I have a special love for outsiders.
So as soon as I received Deborah’s invitation I knew I wanted to write
about the Ridenow. I spent a good bit of
time rereading my old favorites, many of which I hadn’t reread in years, trying
to decide on which period of Darkover to set my story. The more I read the more I realized that I
was deeply drawn to the Ages of Chaos and—the story just started to come. Well, at first I started to write about
Mhari’s younger sister Ysabet, who is more rebellious and more the normal
Darkover heroine. But Mhari slowly took over. Why shouldn’t a young woman be strong and
powerful in her own right, but choose to be the Lady of her Domain?
Rereading seven Darkover
books in the space of three weeks, another thing hit me. All powerful Darkover heroines hated
embroidery. Embroidery, and all
needlework, denoted a subservient woman who didn’t take charge of her own
life.
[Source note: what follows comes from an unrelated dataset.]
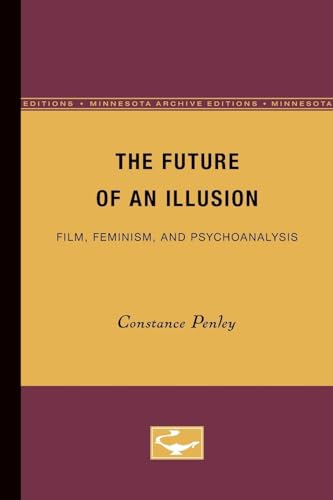 Beispielbild fr The Future of an Illusion; Film, Feminism, and Psychoanalsis zum Verkauf von Jeff Stark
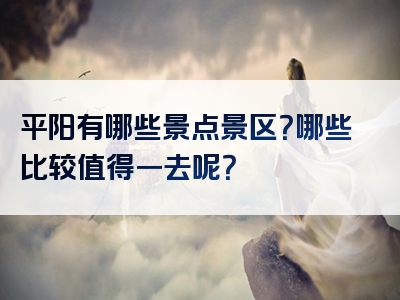 平阳有哪些景点景区？哪些比较值得一去呢？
Well, I personally happen to do
embroidery! I like doing embroidery and
I wanted to create a heroine who liked it.
I wanted to show readers that there might be a reason a woman could
enjoy embroidery for herself and not simply because it was expected of
her. And that’s when the idea of the
tools of embroidery becoming the tools of something else took hold…and then I
found the central image of the story that I could not shake from my mind.
I have to thank Deborah J. Ross for permitting me to write this story.
I have never previously been associated with Darkover and maybe writing
about how the Ridenow became the Lords of Serrais was arrogant. Surely someone far more part of the Darkover
world should establish history this important in the canon. And yet Deborah let me do this and I cannot
thank her enough!
DJR: What have you written
recently? What lies ahead?
SL: I’ve been writing a lot
of short stories lately. In longer
fiction, I’m working on steampunk and historical science fiction/ghost
stories. They’re hard to categorize as I
try to break my old reputation as a “cyberpunk”.